The Air-Law team regularly gives a small insight into their accumulated aviation law knowledge in order to inform and enlighten members of the aviation industry about current and relevant topics. Publications can be found in the following trade press journals.

§ 99 LuftVZO and the operation of microlight aircraft with a foreign registration number

It is not uncommon to see aircraft with foreign registration at our airfields. From time to time actually visited and piloted by fellow pilots from abroad.

Far more often, however, these aircraft are based at the airfield or have their regular location at another German airfield and belong to German nationals or are at least owned by persons whose primary residence is in Germany.
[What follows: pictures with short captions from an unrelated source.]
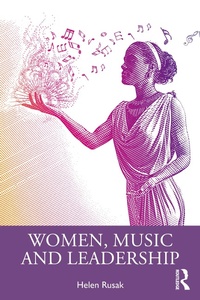 Abbildung von: Women, Music and Leadership - Routledge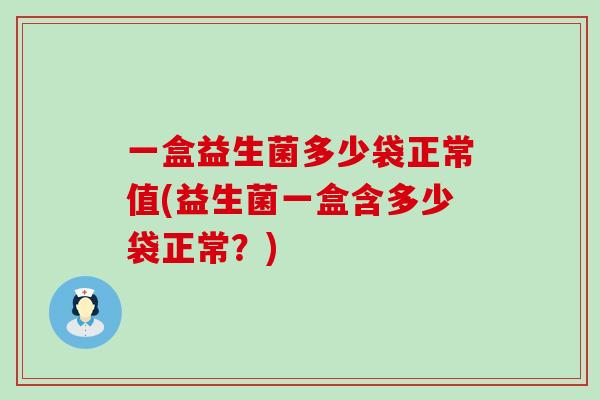 一盒益生菌多少袋正常值(益生菌一盒含多少袋正常？)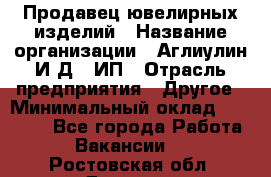 Продавец ювелирных изделий › Название организации ­ Аглиулин И.Д,, ИП › Отрасль предприятия ­ Другое › Минимальный оклад ­ 30 000 - Все города Работа » Вакансии   . Ростовская обл.,Донецк г.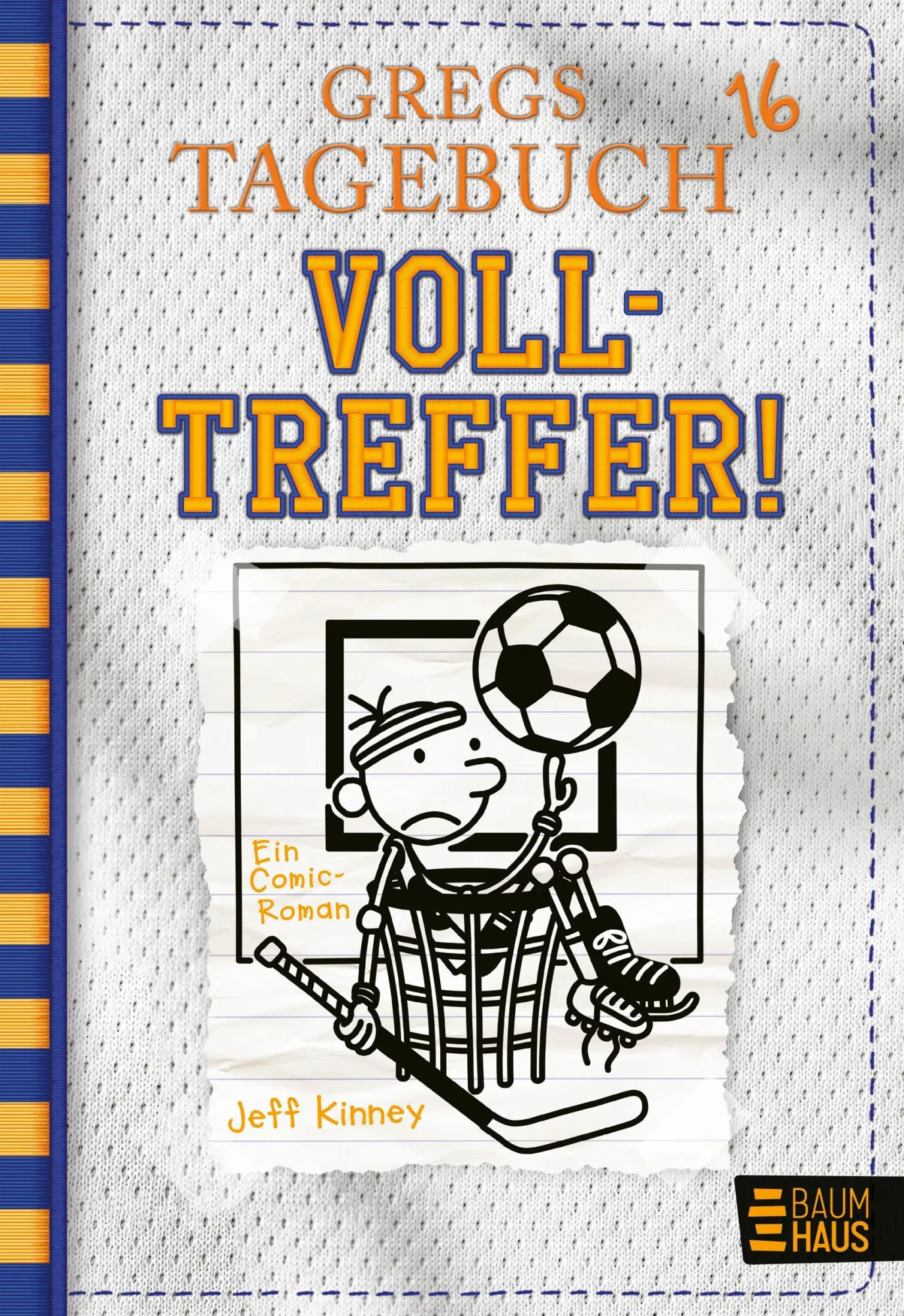 Cover: 9783833906800 | Gregs Tagebuch 16 - Volltreffer! | Jeff Kinney | Buch | Gregs Tagebuch Cover: 9783833906800 | Gregs Tagebuch 16 - Volltreffer! | Jeff Kinney | Buch | Gregs Tagebuch
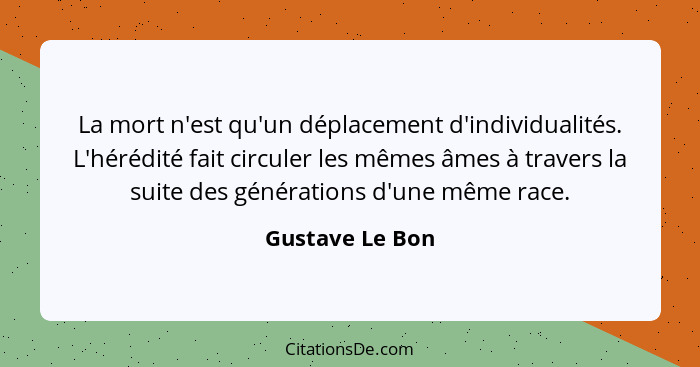 La mort n'est qu'un déplacement d'individualités. L'hérédité fait circuler les mêmes âmes à travers la suite des générations d'une mê... - Gustave Le Bon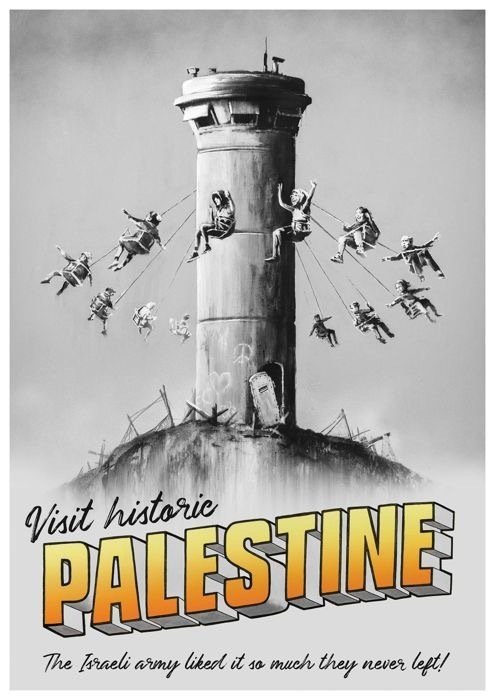 Banksy - Visit historic Palestine - 2018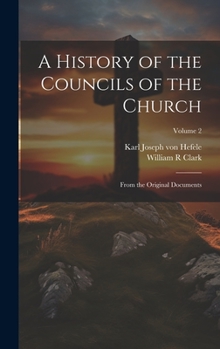 Hardcover A History of the Councils of the Church: From the Original Documents; Volume 2 Book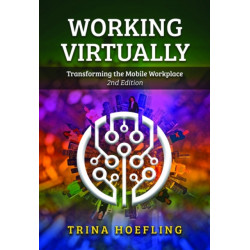 Working Virtually: Transforming the Mobile Workplace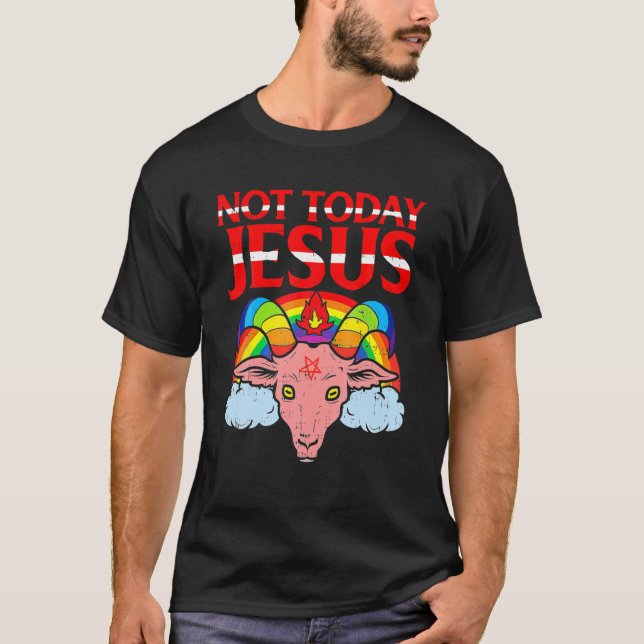NICHT HEUTE JESUS- Satan-Ziege Satanischer Regenbo T-Shirt (Vorderseite)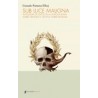 Sub Luce Maligna: Antología de Textos de la Antigua Roma Sobre Criaturas y Hechos Sobrenaturales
In its original version of 1979, the provision of § 99 LuftVZO dealt overall with “registration plates and proof of insurance for foreign aircraft”.

Already in the 1993 version (version of 26.05.1993, in force since 09.06.1993) the two additional paragraphs (2) and (3) are included, which deal additionally with air sports equipment.

Currently, a letter from the Federal Ministry of Transport (BMVI) to the two commissioned associations DAeC and DULV is causing quite a stir. The associations are called upon to ensure that the § 99 para.2 LuftVZO is observed and operators of air sports equipment registered abroad are grounded.

The decision of German, or German-based operators to use a foreign identifier or foreign license can have very different motivations.

Due to the assignment of light aircraft with a take-off weight of up to 450 kg (plus 22.5 kg or, since 2018, plus 25 kg for the rescue device) to Annex I of the European Aviation Regulation (Basic-Regulation VO(EU) 2018/1139), the development, manufacture, maintenance and operation of these devices are assigned to the respective national legislator of the member states. Since 2018, this has also included aircraft with a take-off weight of up to 600 kilograms, if the respective member state has declared by opt-in that it also wishes to be responsible for this. This has been done by the Federal Republic and since the LTF-UL 2019 the ultralight scene is happy to have a construction regulation that in principle also allows the certification of 600 kg ULs.

Not all manufacturers are able to meet the requirements of the German building code. It is not uncommon for this to be due to an excessively high unladen weight. In addition to proving a payload of 200 kilos, the German building code also wants the engine to be guaranteed to operate under full load for 1 hour. Depending on the engine, this results in a maximum empty weight of between 375 and 385 kg. Other verifications are also demanding and costly. For example, the proof of strength during deployment impact while opening the reserve at v(ne) and maximum takeoff weight.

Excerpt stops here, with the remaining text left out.